Multiple sequence alignment and phylogenetic analysis of TaJAZ proteins

Multiple sequence alignment of the candidate TaJAZ proteins was performed using the Clustal X software (Version 1.81) with default settings. Meanwhile, 6 SmJAZ, 12 AtJAZ, 15 OsJAZ, 7 PpJAZ, 6 ZmJAZ, 15 BdJAZ, 15 SbJAZ, 13 PsJAZ, 8 AetJAZ and 7 HbJAZ proteins were included in the phylogenetic analyses. The unrooted tree was performed using the NJ method of MEGA 6.0 software with bootstrap values from 1000 replicates.

Ka and Ks calculations

The Ka and Ks calculation method was described previously [68]. Briefly, the orthologous JAZ gene pairs between wheat and B. distachyon were used to calculate Ka and Ks in the PAL2NAL server using the codeml program of phylogenetic analysis by maximum likelihood [69]. The B. distachyon was used as an outgroup.

Plant materials, treatments and sample collections

The thermo-sensitive genic male sterile (TGMS) wheat line BS366 and normal wheat line Jing411 were planted in the experimental fields in Beijing (China, N 39°54′, E 116°18′), and managed conventionally. For expression pattern analysis of TaJAZ genes in Jing411 and BS366, the anther tissues were sampled at six stages during the whole heading periods (Fig. 6b).
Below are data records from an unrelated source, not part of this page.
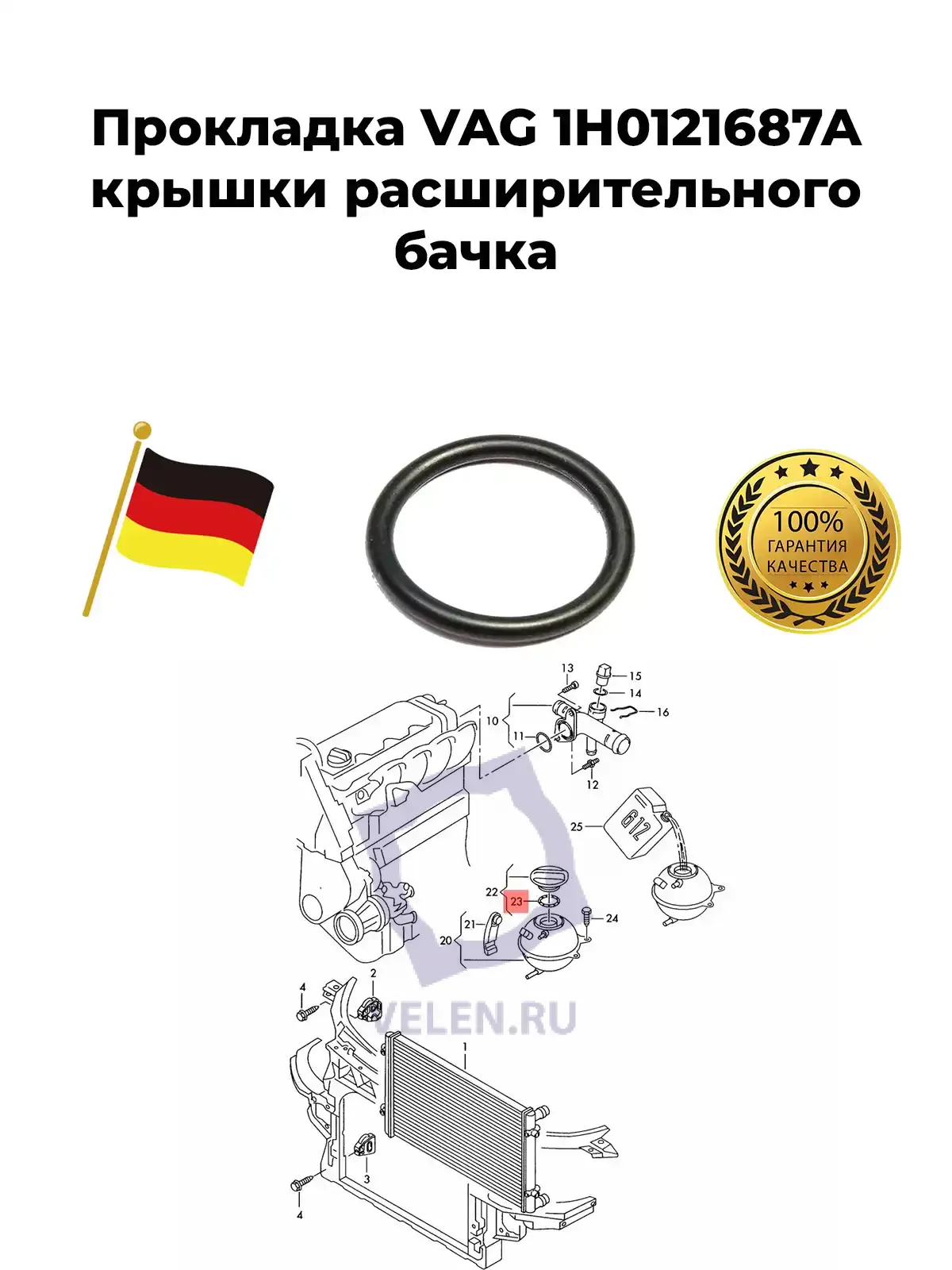 Прокладка VAG 1H0121687A крышки расширительного бачка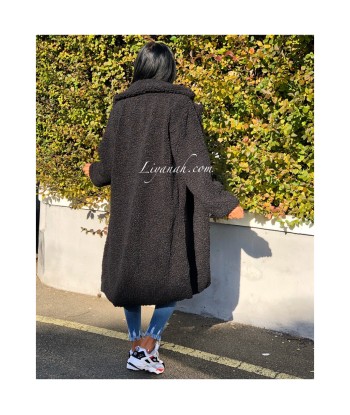 Teddy Coat Long OVERSIZE (COUPE LARGE) Modèle LEANA NOIR les muscles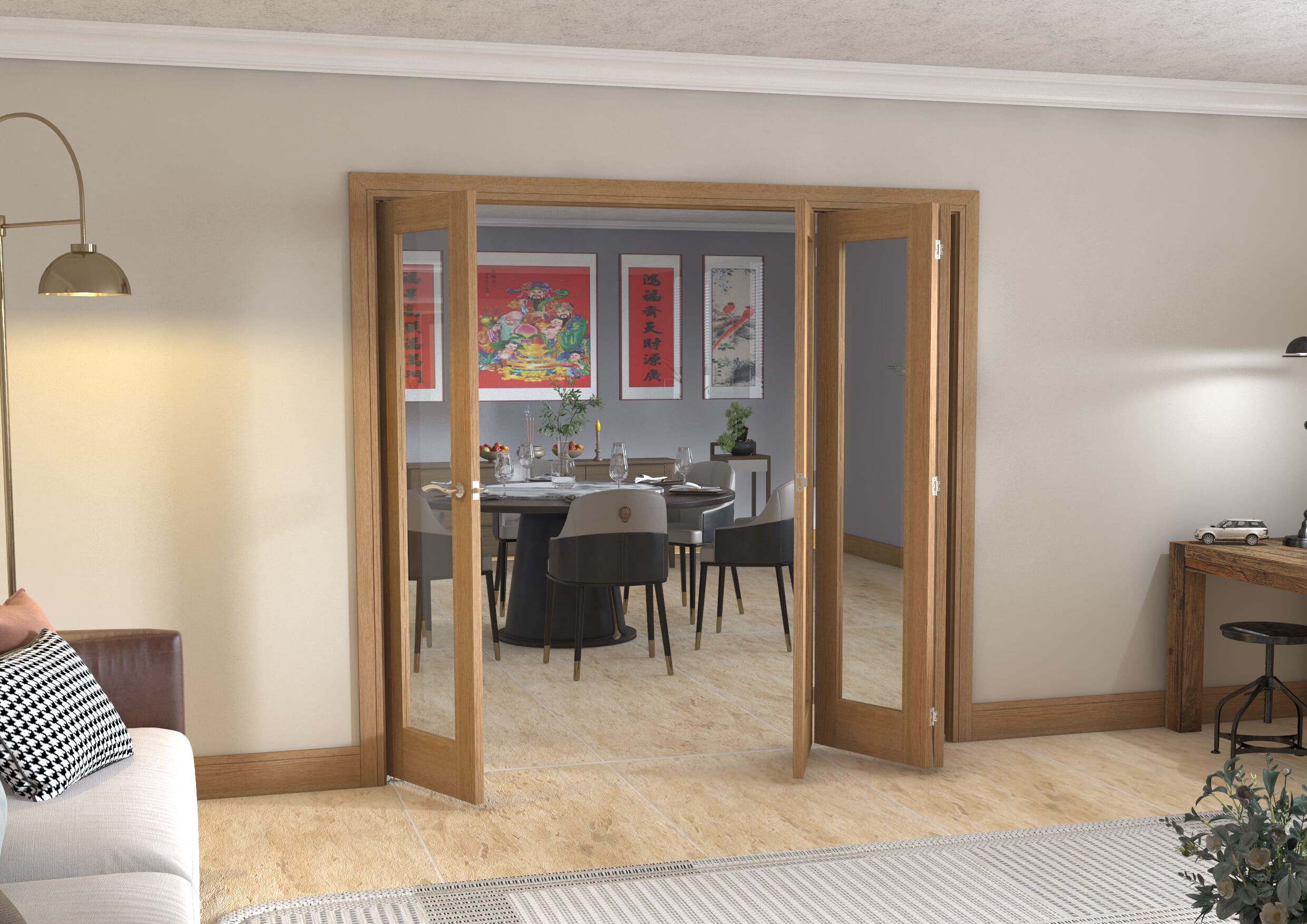 Prefinished Oak Pattern 10 Roomfold - Clear Glass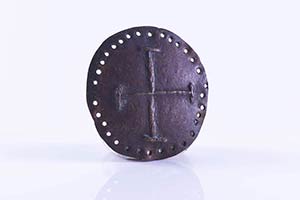 Medieval Bronze Stud with Cross, c. 9th-10th ... 
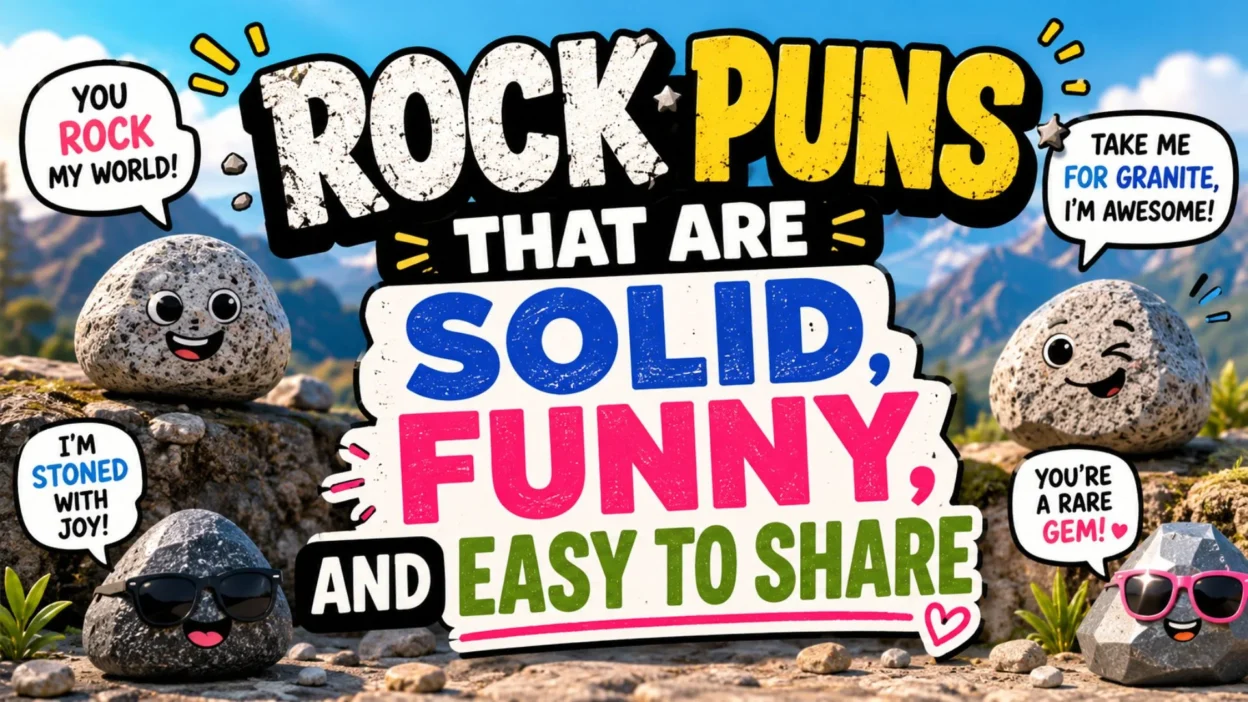 Funny rock puns graphic with smiling cartoon stones, mountain background, and colorful bold text
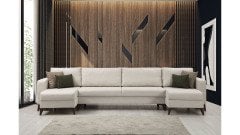 Kristal (D+3+D) Uzanmalı Köşe Koltuk Takımı Bej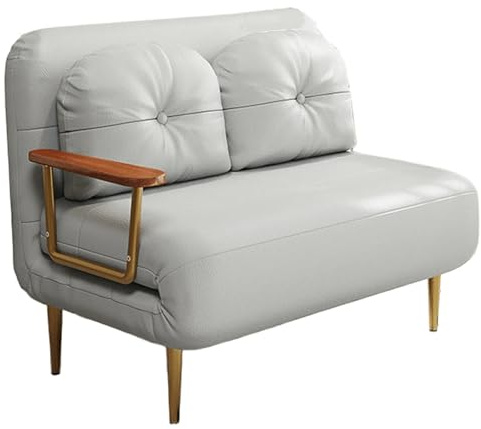 Queen size konvertibel bäddsoffa – teknisk läder utdragbar soffa med 6-positioners justerbart ryggstöd, vikbar gästsäng för vardagsrum och kontor, grå 190 x 100 x 33 cm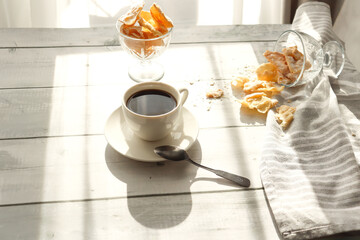 Traditional sweet crispy pastry - faworki or angel wings.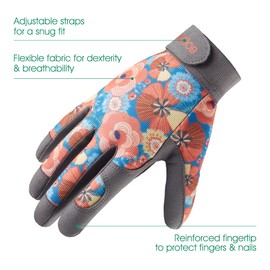 COOLJOB Gardening Gloves for Women, Puncture Proof Work Gloves for Rose Cuting, Padded Rose Gloves Faux Leather with Velcro Fastening (1 Pair, Size S-M)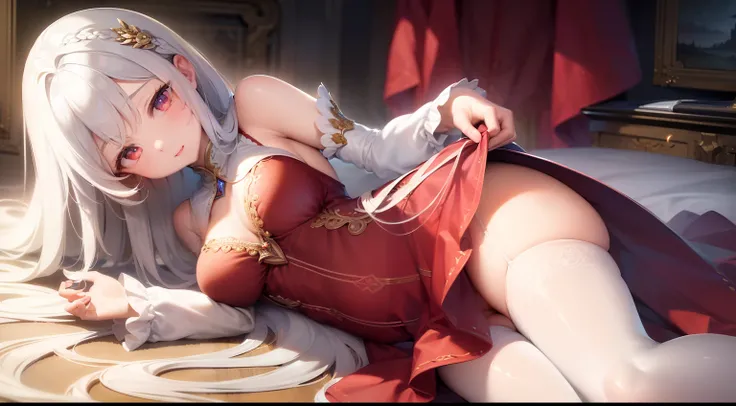 ((Best quality)), ((Masterpiece)), ((Ultra-detailed)), (illustration), (Detailed light), (An extremely delicate and beautiful), Dramatic perspective,A charming young girl,Long white hair,Red pupils,a blue dress,Half chest exposed,Long sleeves,white stockin...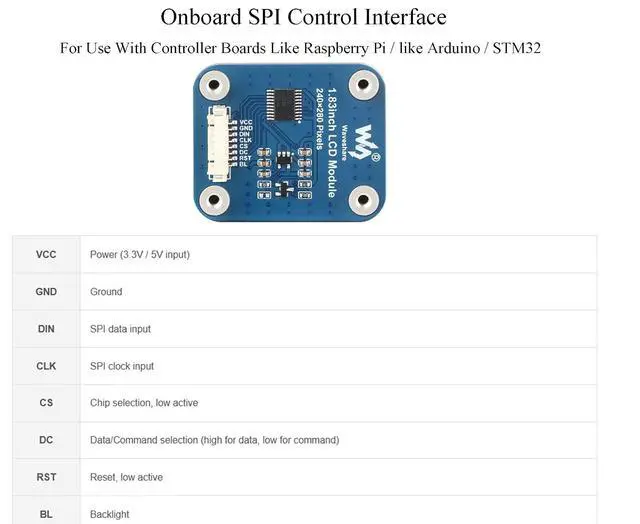 Alt view image 3 of 7 - 1.83inch Round LCD Display Module 240×280 Resolution IPS LCD SPI Interface 65K Colors Rounded Corners Micro LCD Display for Raspberry Pi 5/4B/ 3B+/Pi3B/Raspberry Pi Zero W/2W, STM32,ESP32 etc.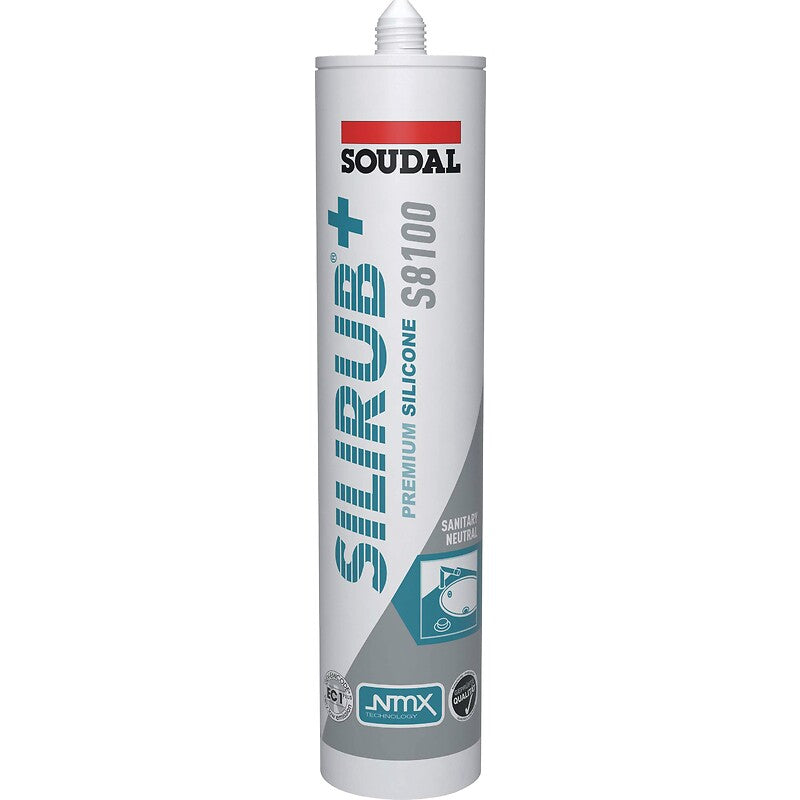Mastic sanitaire silirub+ s8100, coloris gris, carton de 15 cartouches de 310 ml. disponible abidjan cote d'ivoire.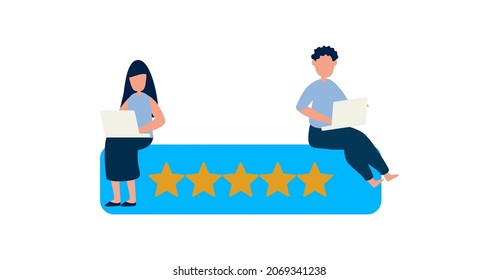 customer review concepts. two people Giving Five Star Feedback.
For tissue-specific expression analyses, 6 tissues (root, stem, leaf, glume, stamen and pistil) from Jing411 and BS366 were collected at the heading stage 6 (Fig. 6b). For abiotic stresses, BS366 seeds were germinated at 25 °C, then the seedlings were cultured in green house for 16 h light/8 h dark at 25 °C. After 2 weeks, the seedlings were sprayed with 2 mM SA, 100 mM MeJA, 100 mM GA3, 50 mM IAA, and 100 mM ABA that were dissolved in 0.1% (v/v) ethanol. The control plants were treated with 0.1% (v/v) ethanol. The leaf tissues from seedlings were collected at 0, 2, 4, 8, 12 and 24 h post treatment. For the high-salinity and drought treatments, the roots of wheat seedlings were soaked in 200 mM NaCl and PEG6000 (-0.5 MPa), respectively. The leaf tissues from seedlings were sampled at 0, 2, 4, 8, 12 and 24 h post treatment. For low temperature stress, the 2-week-old seedlings were moved to the incubator in which the temperature was set at 10 °C. The leaf tissues were collected at 0, 2, 4, 8, 12 and 24 h post treatment. All the samples mentioned above were rapidly frozen in liquid nitrogen and stored at -80 °C freezer for RNA extraction.

For subcellular localization, Arabidopsis ecotype Col-0 was used for protoplast preparation. Arabidopsis seedlings were planted in greenhouse with a 16 h light/8 h dark and a 22/20 °C day/night temperature cycle.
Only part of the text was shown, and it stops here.